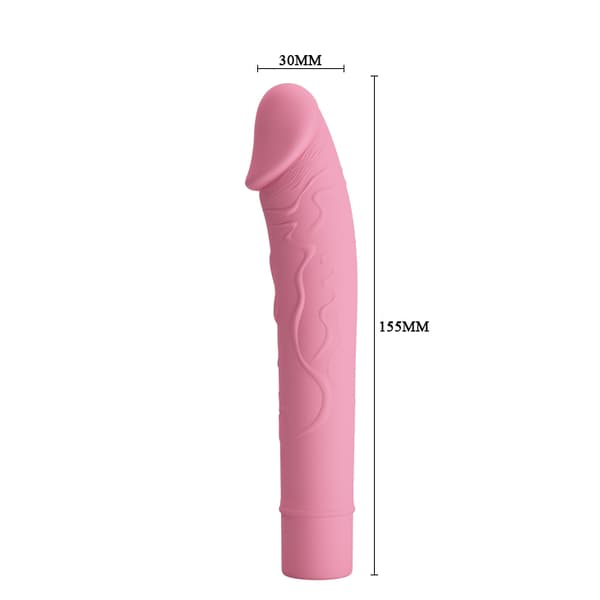 PRETTY LOVE VIC 10 funktion vibrationer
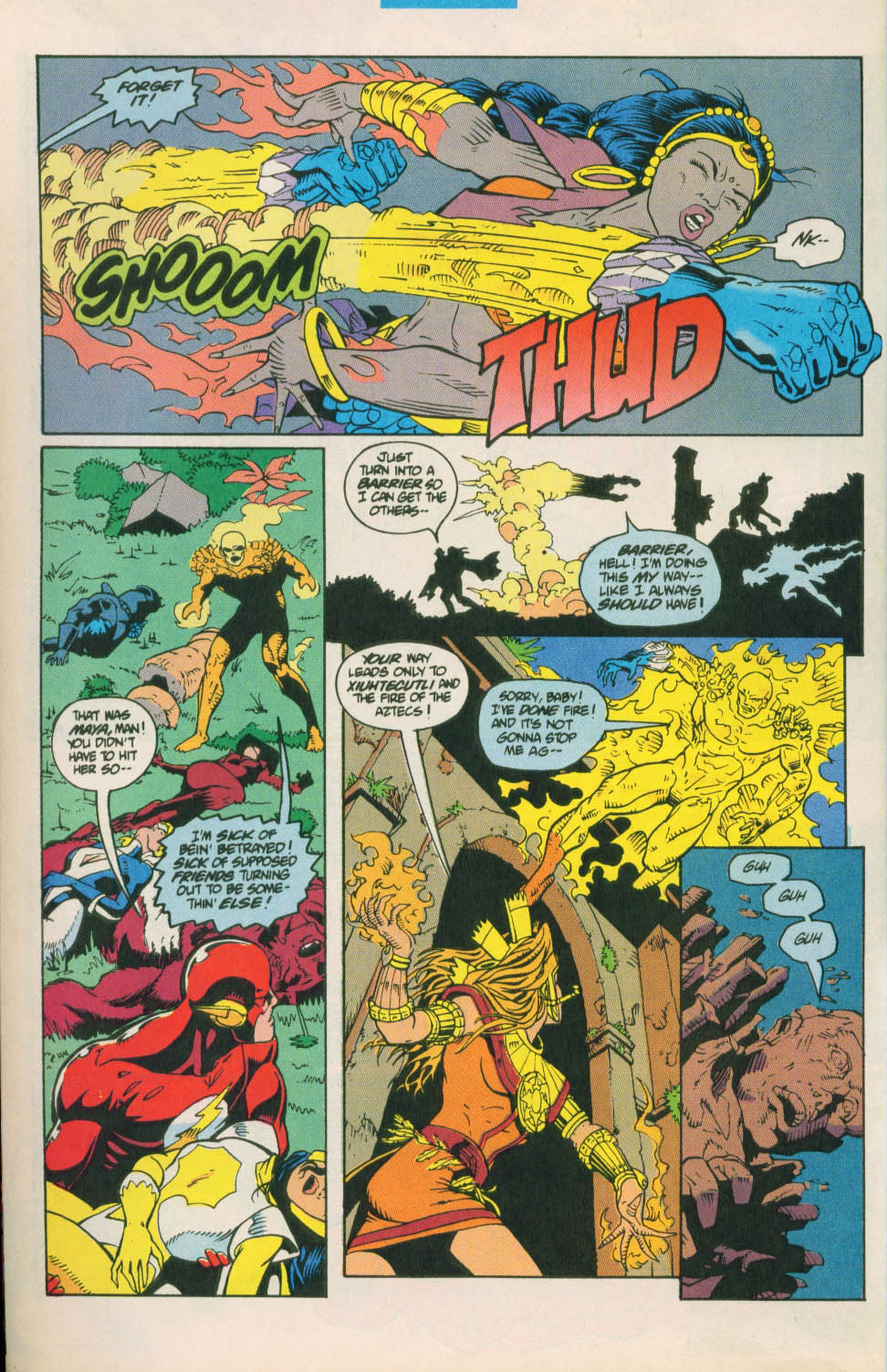 Justice League International (1993) 64 Page 4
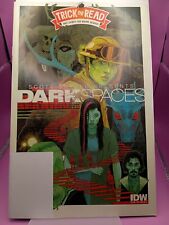 UNSTAMPED 2023 Trick or Read Dark Spaces Promotional Giveaway Comic Book FREE SH picture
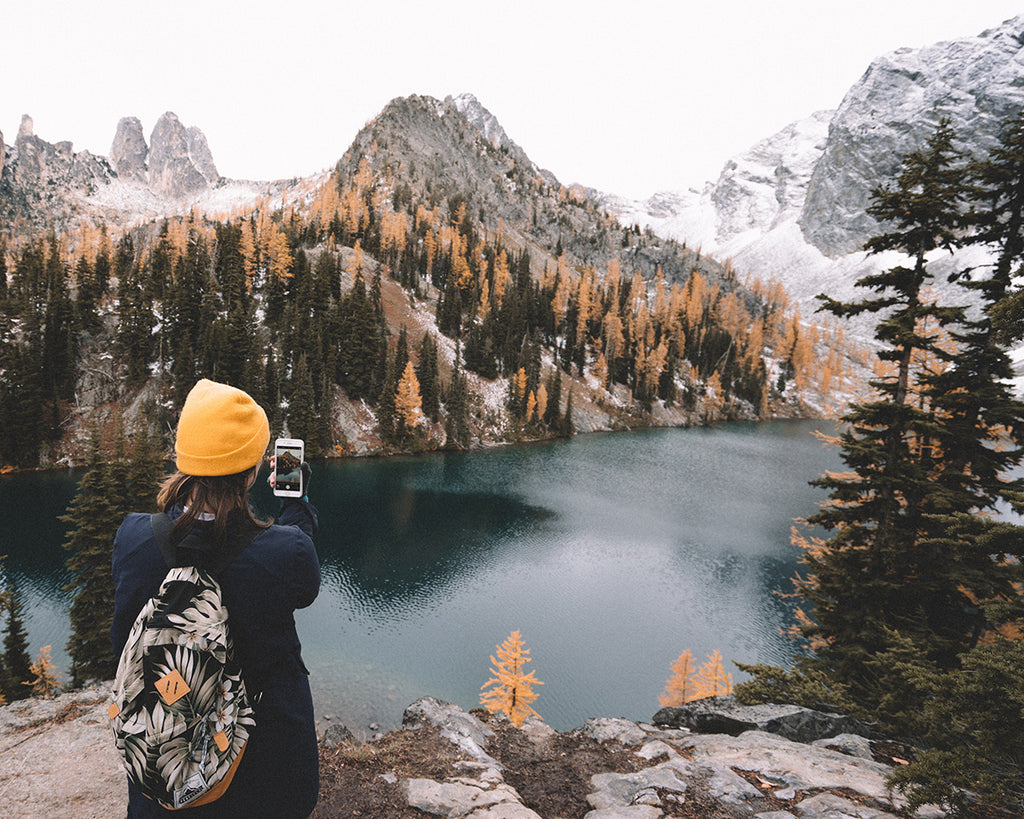 10 Reasons Why Camping and Hiking Is Ideal During Fall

------------------------------------------------------------

An exact retyping of the material, minus the pictures, is the required answer.

Task answer
 PRETTY LOVE VIC 10 funktion vibrationer
 Justice League International (1993) 64 Page 4
 UNSTAMPED 2023 Trick or Read Dark Spaces Promotional Giveaway Comic Book FREE SH picture
 10 Reasons Why Camping and Hiking Is Ideal During Fall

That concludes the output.